_WHAT THE TASK REQUIRES_
What you return should match the records below exactly.

---------- DATA RECORDS

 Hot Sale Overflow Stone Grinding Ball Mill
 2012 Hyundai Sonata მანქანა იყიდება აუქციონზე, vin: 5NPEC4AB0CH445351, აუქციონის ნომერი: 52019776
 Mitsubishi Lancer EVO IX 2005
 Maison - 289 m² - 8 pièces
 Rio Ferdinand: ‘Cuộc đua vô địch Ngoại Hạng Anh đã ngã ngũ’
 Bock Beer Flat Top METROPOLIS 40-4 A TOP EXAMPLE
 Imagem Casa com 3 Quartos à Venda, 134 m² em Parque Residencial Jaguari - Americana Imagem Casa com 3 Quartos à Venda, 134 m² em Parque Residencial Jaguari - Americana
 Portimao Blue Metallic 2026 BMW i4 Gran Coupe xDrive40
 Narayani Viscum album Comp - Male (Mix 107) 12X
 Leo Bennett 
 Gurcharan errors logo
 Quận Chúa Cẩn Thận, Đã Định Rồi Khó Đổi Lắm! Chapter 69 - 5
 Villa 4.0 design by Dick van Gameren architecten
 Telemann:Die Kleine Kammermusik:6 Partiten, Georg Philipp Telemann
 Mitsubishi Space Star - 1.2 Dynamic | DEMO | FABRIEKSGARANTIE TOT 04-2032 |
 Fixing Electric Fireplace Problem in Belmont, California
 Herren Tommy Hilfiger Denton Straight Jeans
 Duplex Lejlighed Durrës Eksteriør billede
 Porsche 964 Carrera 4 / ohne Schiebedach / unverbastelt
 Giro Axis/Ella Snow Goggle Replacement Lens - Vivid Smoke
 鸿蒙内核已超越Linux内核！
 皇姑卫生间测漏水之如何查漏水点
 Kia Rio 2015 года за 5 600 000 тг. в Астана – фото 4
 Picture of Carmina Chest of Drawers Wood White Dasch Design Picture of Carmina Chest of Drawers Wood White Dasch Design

--------------------

_COMPLETED EXERCISE_
 Hot Sale Overflow Stone Grinding Ball Mill
 2012 Hyundai Sonata მანქანა იყიდება აუქციონზე, vin: 5NPEC4AB0CH445351, აუქციონის ნომერი: 52019776
 Mitsubishi Lancer EVO IX 2005
 Maison - 289 m² - 8 pièces
 Rio Ferdinand: ‘Cuộc đua vô địch Ngoại Hạng Anh đã ngã ngũ’
 Bock Beer Flat Top METROPOLIS 40-4 A TOP EXAMPLE
 Imagem Casa com 3 Quartos à Venda, 134 m² em Parque Residencial Jaguari - Americana Imagem Casa com 3 Quartos à Venda, 134 m² em Parque Residencial Jaguari - Americana
 Portimao Blue Metallic 2026 BMW i4 Gran Coupe xDrive40
 Narayani Viscum album Comp - Male (Mix 107) 12X
 Leo Bennett 
 Gurcharan errors logo
 Quận Chúa Cẩn Thận, Đã Định Rồi Khó Đổi Lắm! Chapter 69 - 5
 Villa 4.0 design by Dick van Gameren architecten
 Telemann:Die Kleine Kammermusik:6 Partiten, Georg Philipp Telemann
 Mitsubishi Space Star - 1.2 Dynamic | DEMO | FABRIEKSGARANTIE TOT 04-2032 |
 Fixing Electric Fireplace Problem in Belmont, California
 Herren Tommy Hilfiger Denton Straight Jeans
 Duplex Lejlighed Durrës Eksteriør billede
 Porsche 964 Carrera 4 / ohne Schiebedach / unverbastelt
 Giro Axis/Ella Snow Goggle Replacement Lens - Vivid Smoke
 鸿蒙内核已超越Linux内核！
 皇姑卫生间测漏水之如何查漏水点
 Kia Rio 2015 года за 5 600 000 тг. в Астана – фото 4
 Picture of Carmina Chest of Drawers Wood White Dasch Design Picture of Carmina Chest of Drawers Wood White Dasch Design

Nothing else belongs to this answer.